# find out default Perl version



## ccc (Sep 22, 2010)

hi

How to find out default Perl version for a freeBSD version, for example for freeBSD 7.3?


----------



## fronclynne (Sep 22, 2010)

I would look here given your example.

If you want a more general chart, you may have to compile one yourself.


----------



## SirDice (Sep 22, 2010)

It's this one, for all versions: lang/perl5.10


----------



## DutchDaemon (Sep 22, 2010)

What is 'the default'? Do you mean the version(s) shipped on the -RELEASE disks? Or the current ports tree version (with the ports tree being largely version-agnostic)?


----------



## fronclynne (Sep 22, 2010)

I was assuming the perl version you get for a given Freebsd version if you fail to specify a perl version.


----------



## chrcol (Sep 24, 2010)

5.10 seems to be the default on 7.3 8.0 and 8.1.  I think even 7.2.

I suggest using 5.12 tho as perl is now maintained with more frequent updates with no more planned for 5.10.


----------



## DutchDaemon (Sep 24, 2010)

Using 5.12 is fine, but you must use *ports only* in that case!
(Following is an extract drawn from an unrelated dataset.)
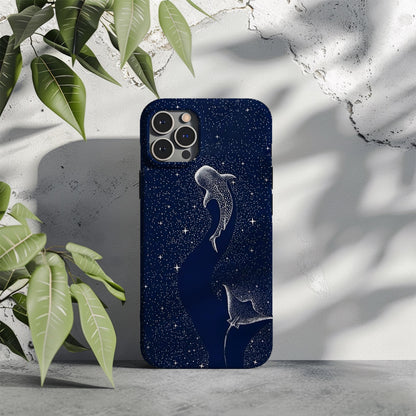 Whale Shark Blue Case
Packages are all still depending on Perl 5.10, so once you install/upgrade a package, Perl 5.10 will be needed.


----------



## Crooksey (Sep 28, 2010)

If you have multiple versions installed, the default version will be defined in make.conf


----------



## DutchDaemon (Sep 28, 2010)

Nonetheless, packages will happily insist on Perl 5.10 even when Perl 5.12 is in /etc/make.conf


----------